I wrote this in a thread I started before.

Here is a quote many tend to use all the time.

How can you possibly compare the Eastern Conference to the West?



You have to take into account the strength of each respective conference and which teams so and so had to play against in their respective playoff series


I really don't see the point when people use this argument.

I mean seriously lets take for example the Lakers and Celtics in the 80's. I don't ever hear anyone complaining about how much easier it was for the Lakers to get to the finals than the Celtics.

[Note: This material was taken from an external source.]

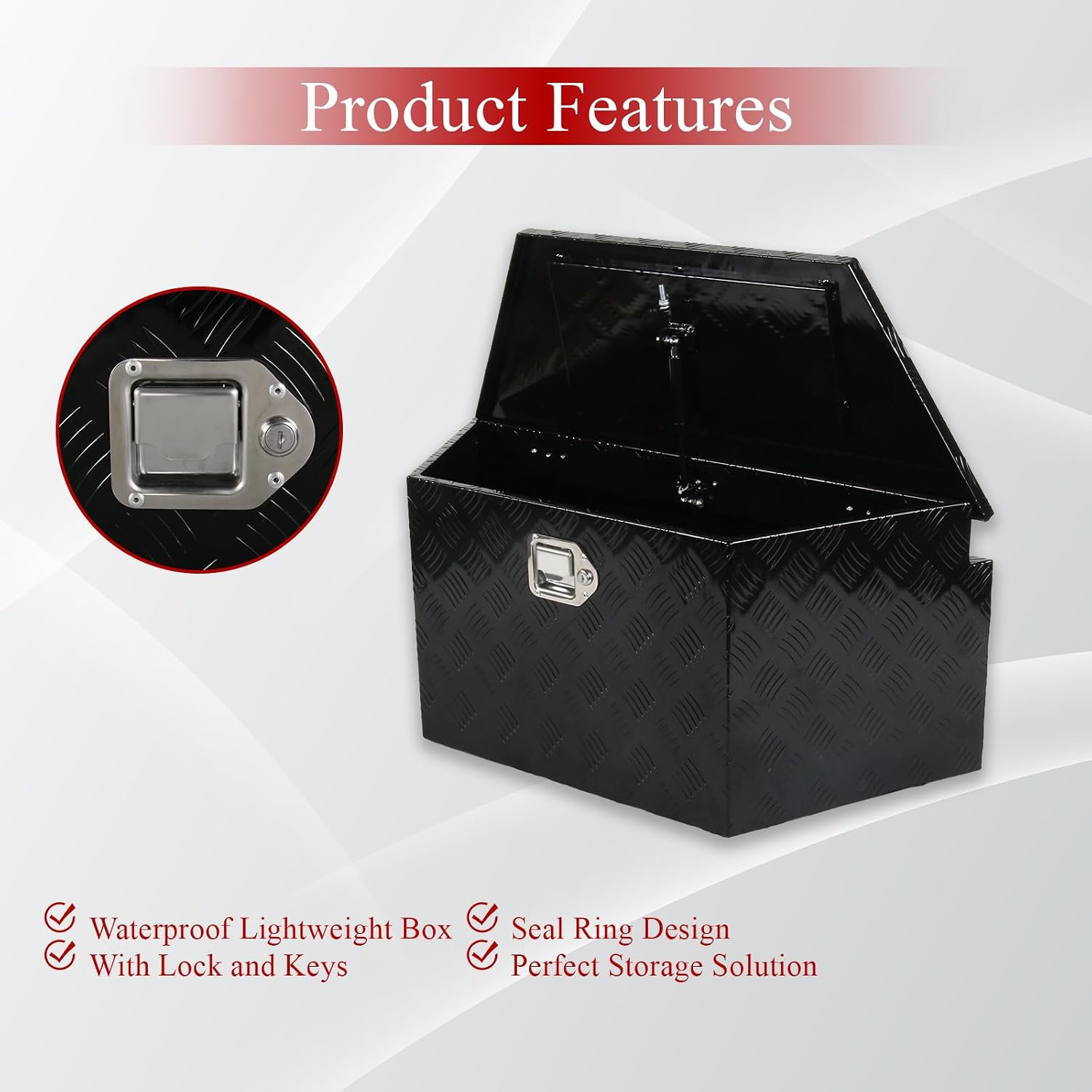 34''Inch Aluminum Trailer Tongue Tool Box Truck Bed Toolbox Truck Trailer Chest Box Underbody Storage Organizer Waterproof Square Storage Organizer w/Lock & Keys Black(‎34' Lx14.5 Wx15 H)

Who did the Lakers ever have to worry about out West? Only team they lost to were the Rockets and both times they shouldn't have lost to them. I mean come on, they lost to the Rockets in 1981 when the Rockets were under .500. They lost to them again in 1986 when they should have won the series as they were right in the middle of their titles and they had won 11 more games than the Rockets that season as well. Every other year the Lakers had a cakewalk to the finals.

The Celtics on the other hand had multiple teams they had to deal with. Not only the Sixers who were an elite team, but they also had to deal with the Bucks and Pistons later on.

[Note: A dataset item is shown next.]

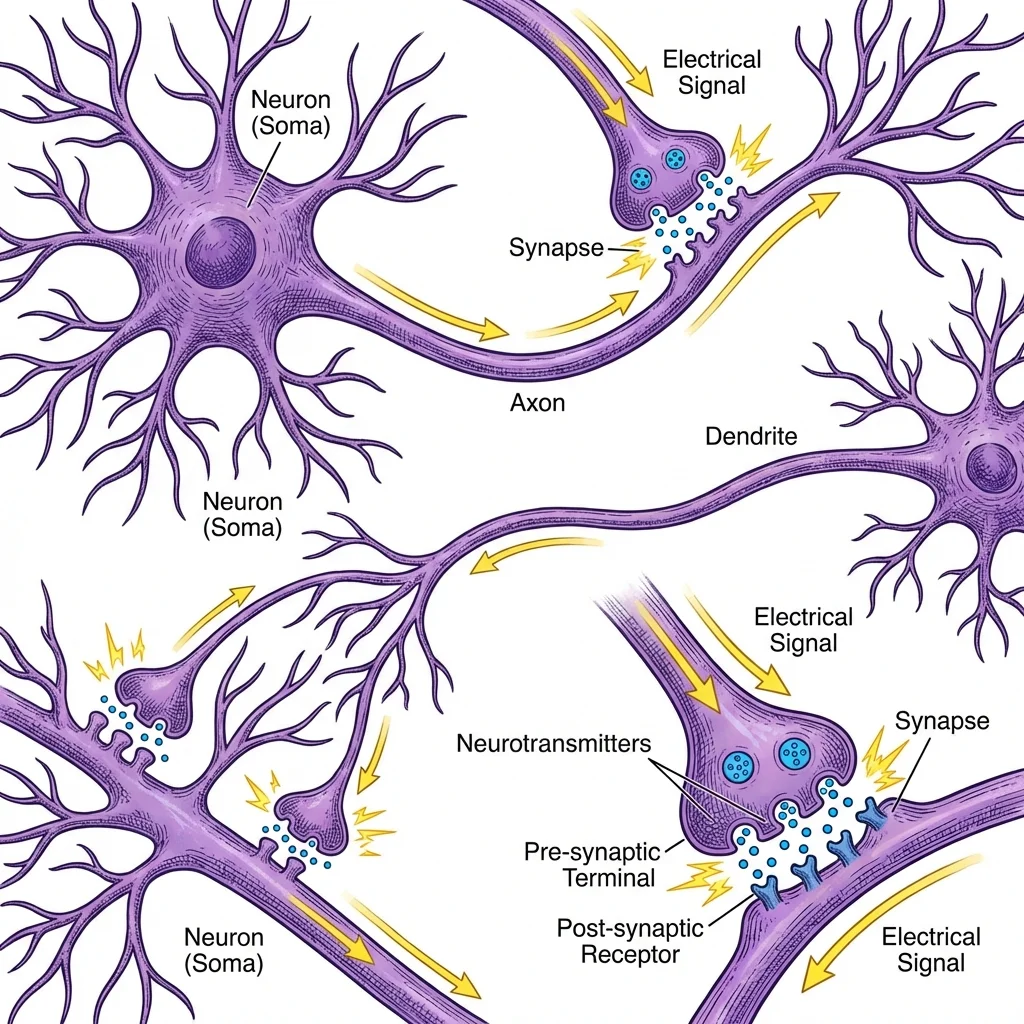 Neural pathway and brain structure illustration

Point being, why does everyone try to downplay certain players and teams making it to the finals by saying how weak the conference is at the time, when in fact, I never here anyone downplay what the Lakers had in their respective conference in the 80's?

It doesn't take anything away from what either team has done. The finals is the finals, no matter what conference you come out of. You can't have it both ways. If posters are going to downplay the East now then you have to downplay how the easy the west was in the 80's for the Lakers and how much easier it was to make the finals.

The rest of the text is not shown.